** Activity **
Below are the entries. Print only the lines starting at the one with "Now the comm" and ending at the one with "We are in Backup", exactly, with no pictures.

** Extracted records **
++++++++
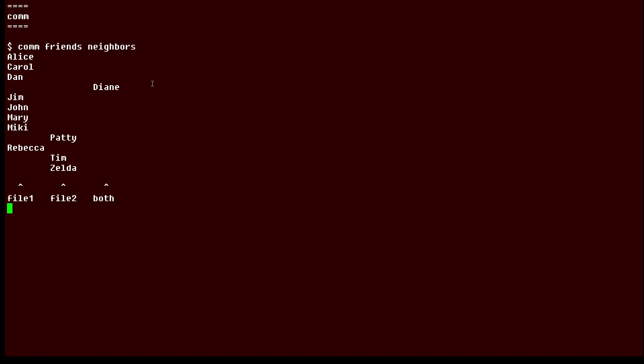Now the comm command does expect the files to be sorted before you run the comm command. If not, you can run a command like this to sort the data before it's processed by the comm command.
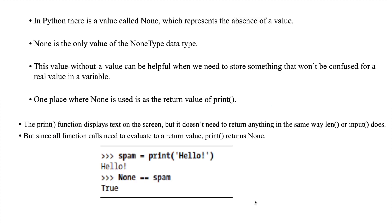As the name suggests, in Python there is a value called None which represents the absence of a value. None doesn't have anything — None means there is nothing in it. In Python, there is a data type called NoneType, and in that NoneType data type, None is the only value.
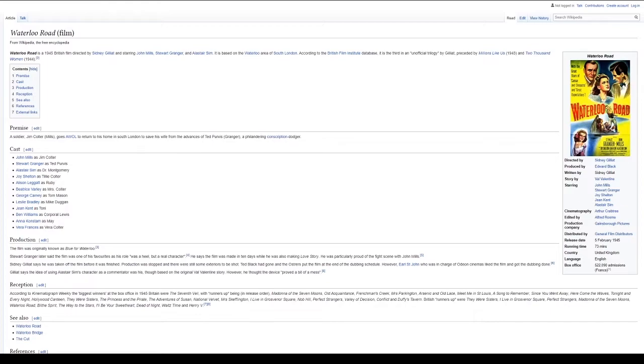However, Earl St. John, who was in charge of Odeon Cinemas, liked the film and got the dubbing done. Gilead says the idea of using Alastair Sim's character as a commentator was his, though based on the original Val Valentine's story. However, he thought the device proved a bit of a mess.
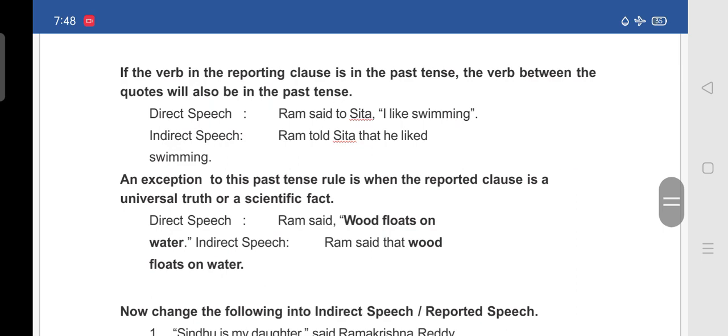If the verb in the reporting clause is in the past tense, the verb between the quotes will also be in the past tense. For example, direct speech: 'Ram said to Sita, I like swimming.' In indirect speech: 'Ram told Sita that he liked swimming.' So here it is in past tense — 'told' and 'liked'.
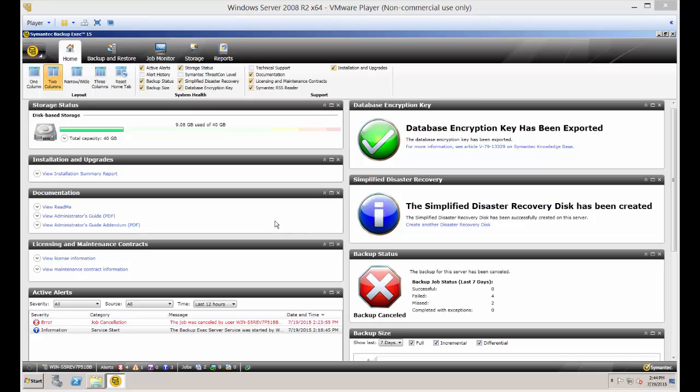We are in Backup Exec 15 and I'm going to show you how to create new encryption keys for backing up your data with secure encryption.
++++++++
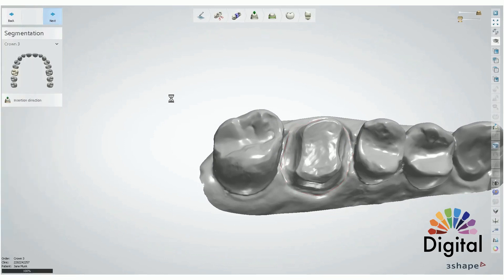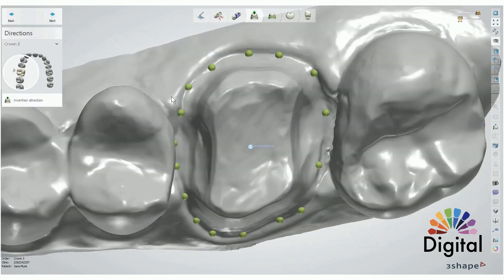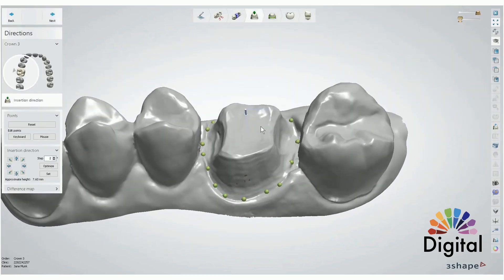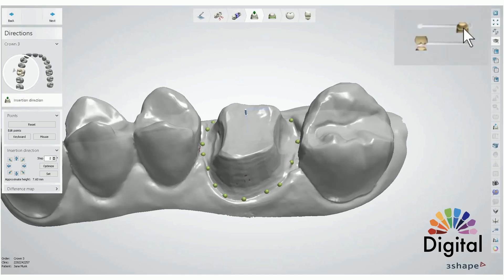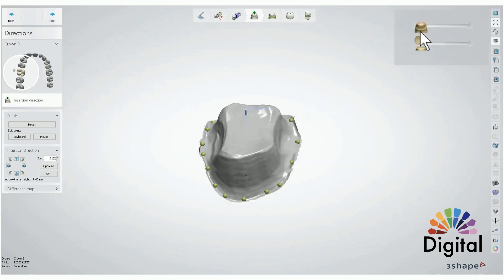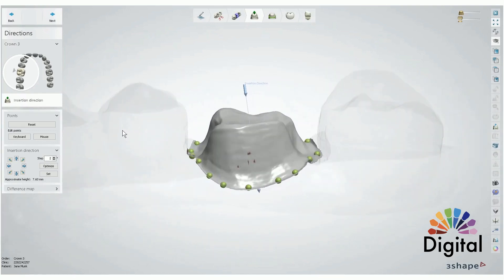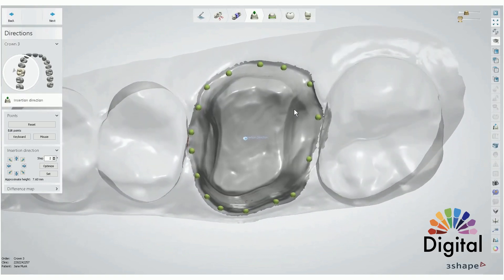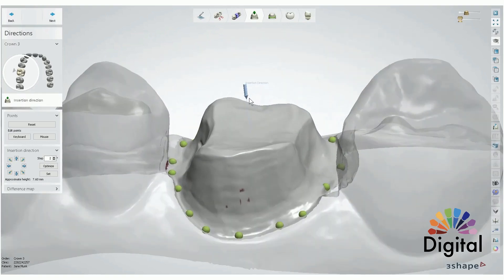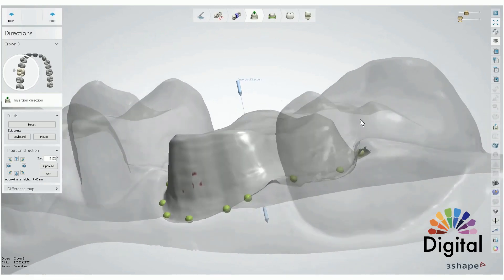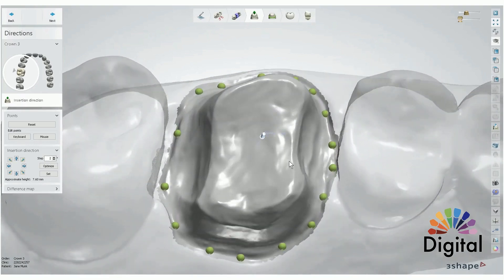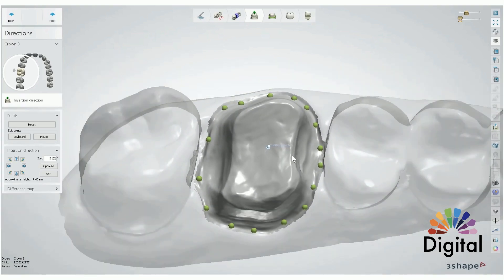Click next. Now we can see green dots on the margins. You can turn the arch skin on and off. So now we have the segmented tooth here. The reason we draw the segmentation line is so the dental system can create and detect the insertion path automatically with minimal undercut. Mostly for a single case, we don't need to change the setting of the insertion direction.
++++++++
** Answer for this exercise **
Now the comm command does expect the files to be sorted before you run the comm command. If not, you can run a command like this to sort the data before it's processed by the comm command.
As the name suggests, in Python there is a value called None which represents the absence of a value. None doesn't have anything — None means there is nothing in it. In Python, there is a data type called NoneType, and in that NoneType data type, None is the only value.
However, Earl St. John, who was in charge of Odeon Cinemas, liked the film and got the dubbing done. Gilead says the idea of using Alastair Sim's character as a commentator was his, though based on the original Val Valentine's story. However, he thought the device proved a bit of a mess.
If the verb in the reporting clause is in the past tense, the verb between the quotes will also be in the past tense. For example, direct speech: 'Ram said to Sita, I like swimming.' In indirect speech: 'Ram told Sita that he liked swimming.' So here it is in past tense — 'told' and 'liked'.
We are in Backup Exec 15 and I'm going to show you how to create new encryption keys for backing up your data with secure encryption.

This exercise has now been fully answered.